_To do_. Would you print, word for word, only the lines running from the line with "AK KADINLARDAN 8" to the last line of the entries, without the pictures?

START Information

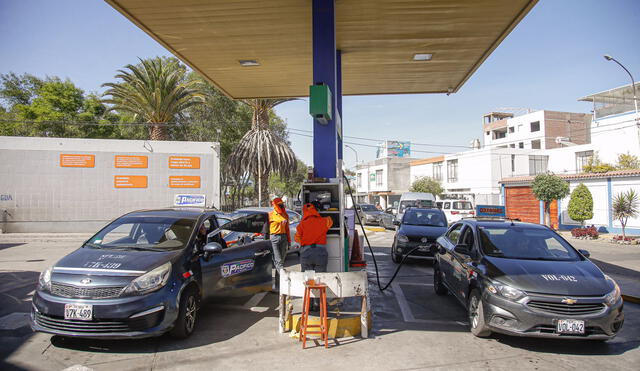 Desabastecimiento. Se espera que en los próximos días se regularice el abastecimiento de combustibles. Foto: Rodrigo Talavera/LR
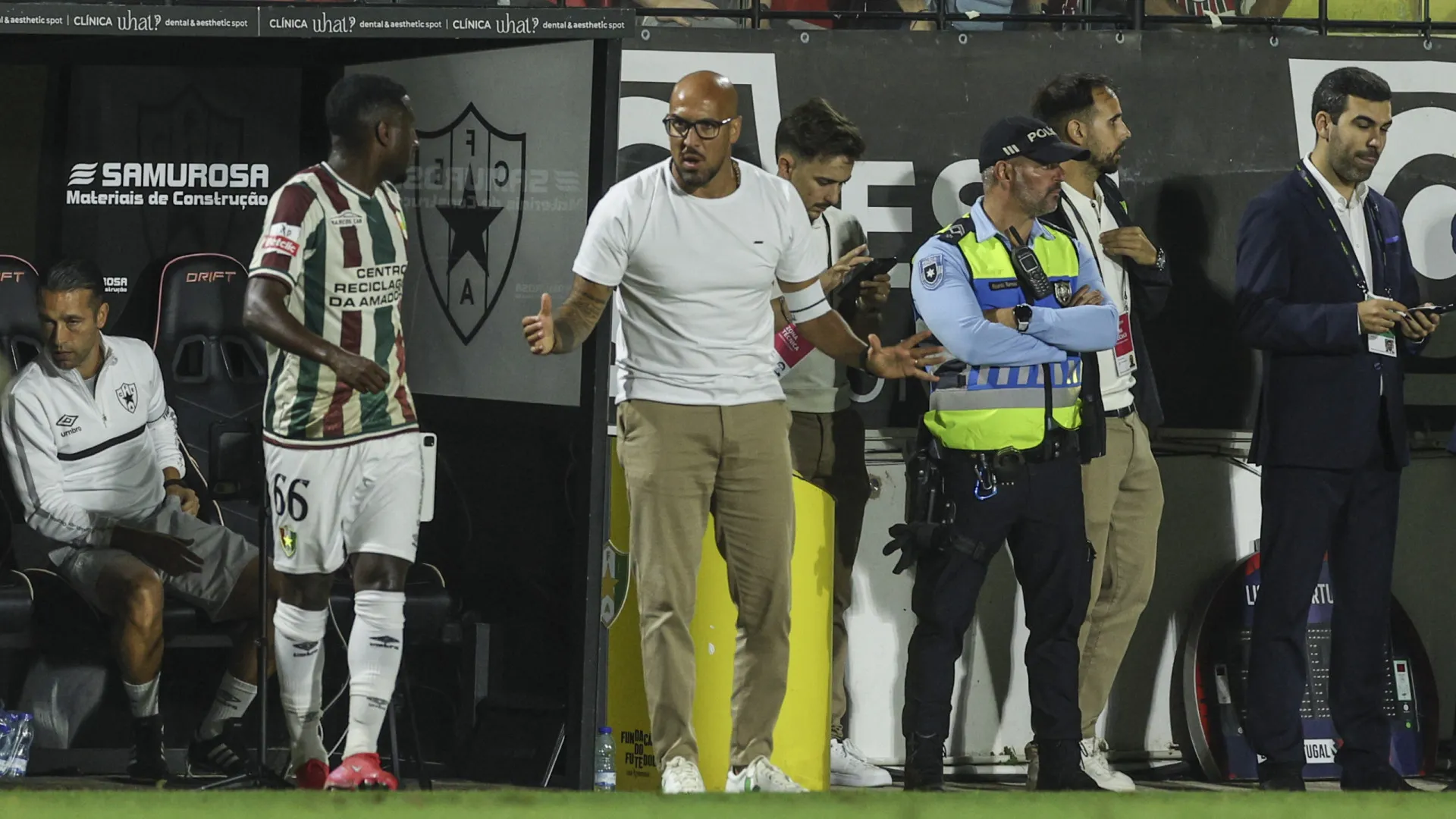
                    Estrela da Amadora chega a acordo para rescisão com José Faria
                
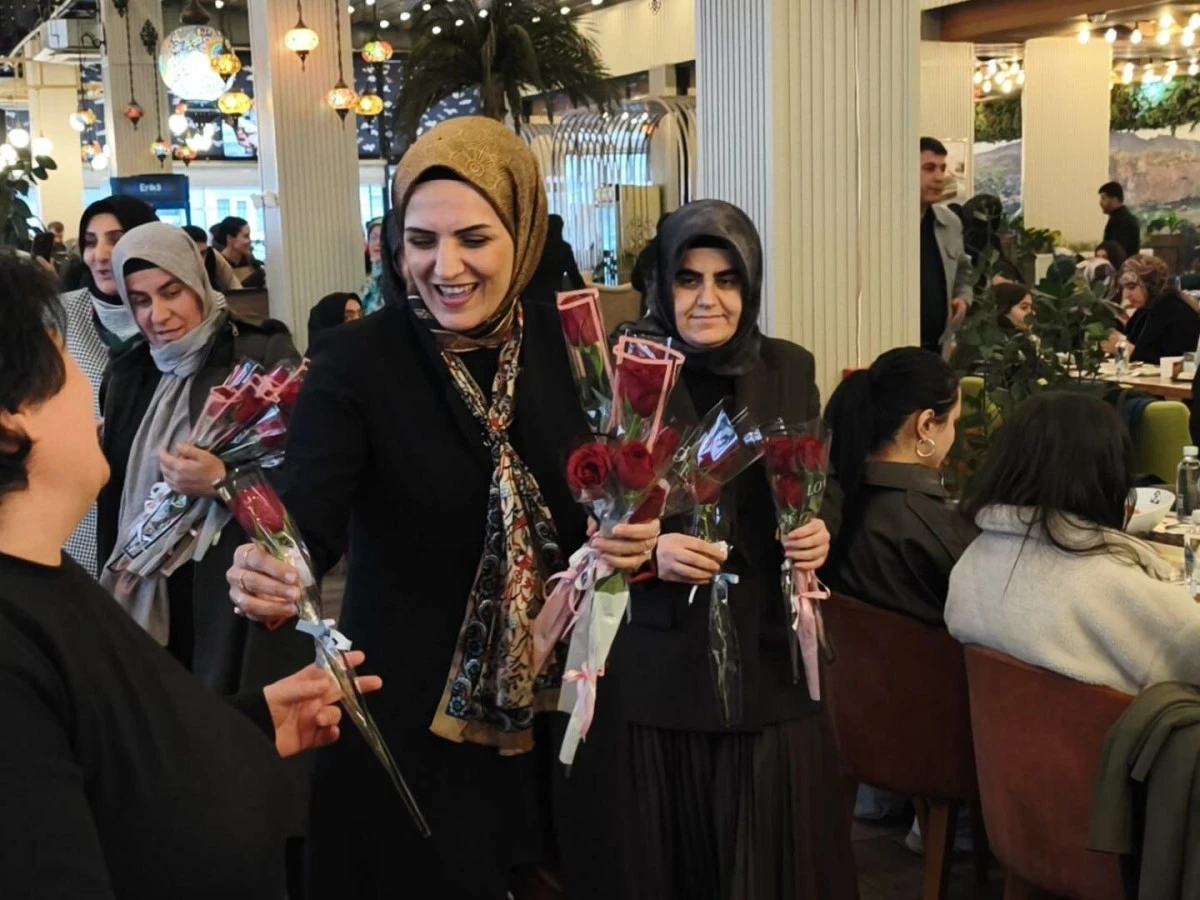 AK KADINLARDAN 8 MART&rsquo;TA YOĞUN KATILIMLI &ldquo;VEFA İFTARI&rdquo;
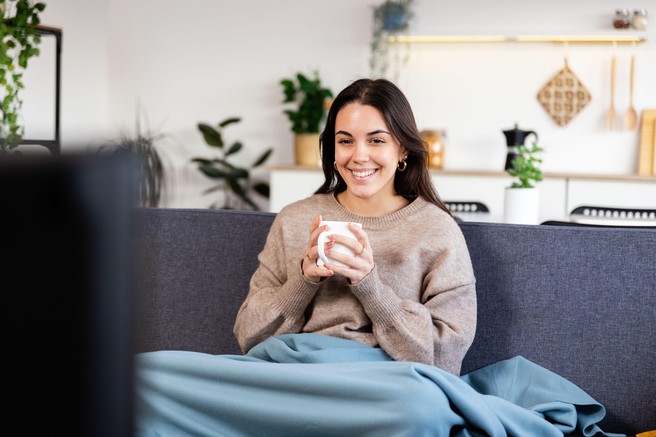 Kako preprečiti negativne učinke sedenja? Strokovnjaki odkrili preprost način za zmanjšanje zdravstvenih tveganj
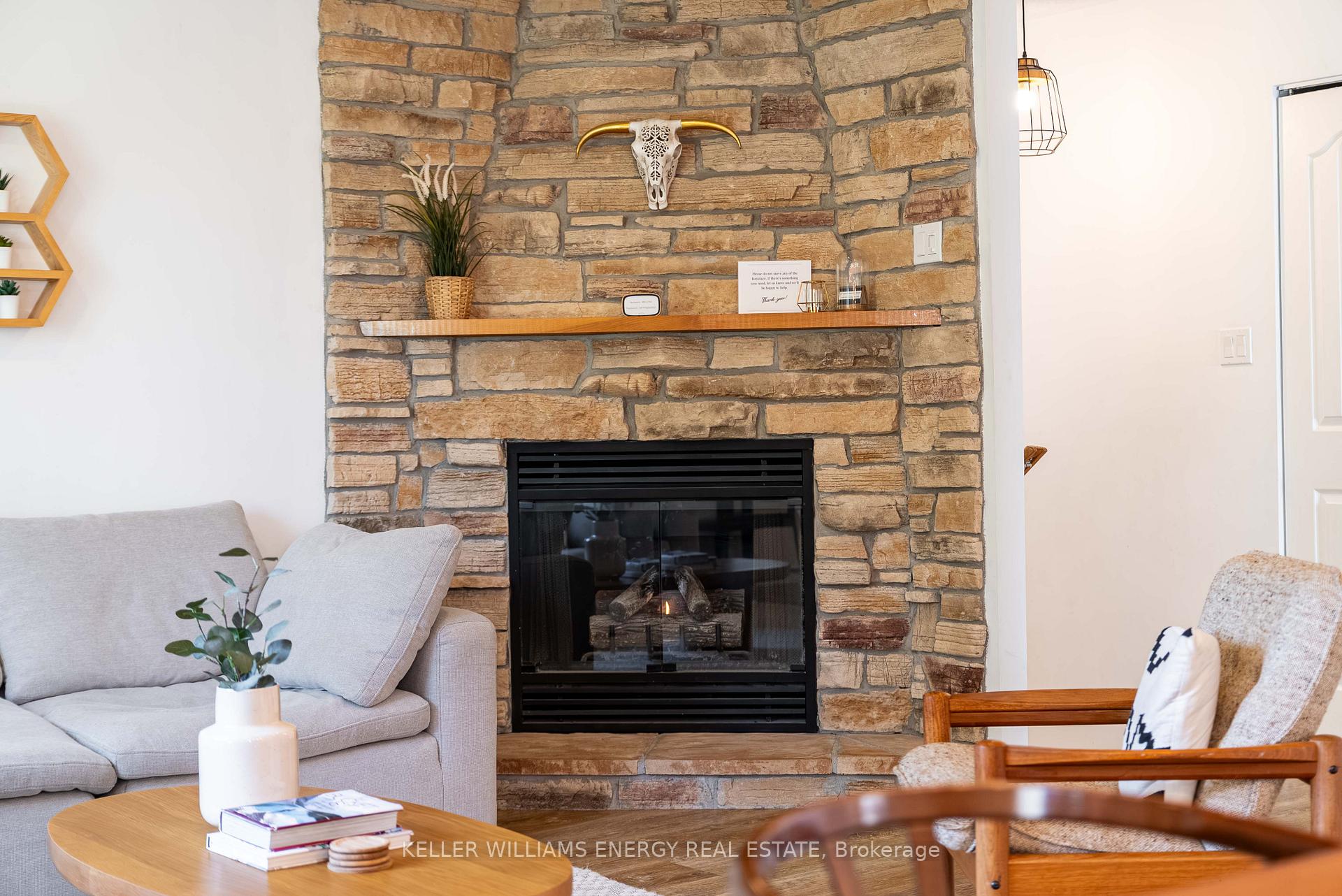 Photo 5 of 27 First Avenue, Prince Edward County, Wellington Ward — HOMEH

END Information

_Reply_.
 AK KADINLARDAN 8 MART&rsquo;TA YOĞUN KATILIMLI &ldquo;VEFA İFTARI&rdquo;
 Kako preprečiti negativne učinke sedenja? Strokovnjaki odkrili preprost način za zmanjšanje zdravstvenih tveganj
 Photo 5 of 27 First Avenue, Prince Edward County, Wellington Ward — HOMEH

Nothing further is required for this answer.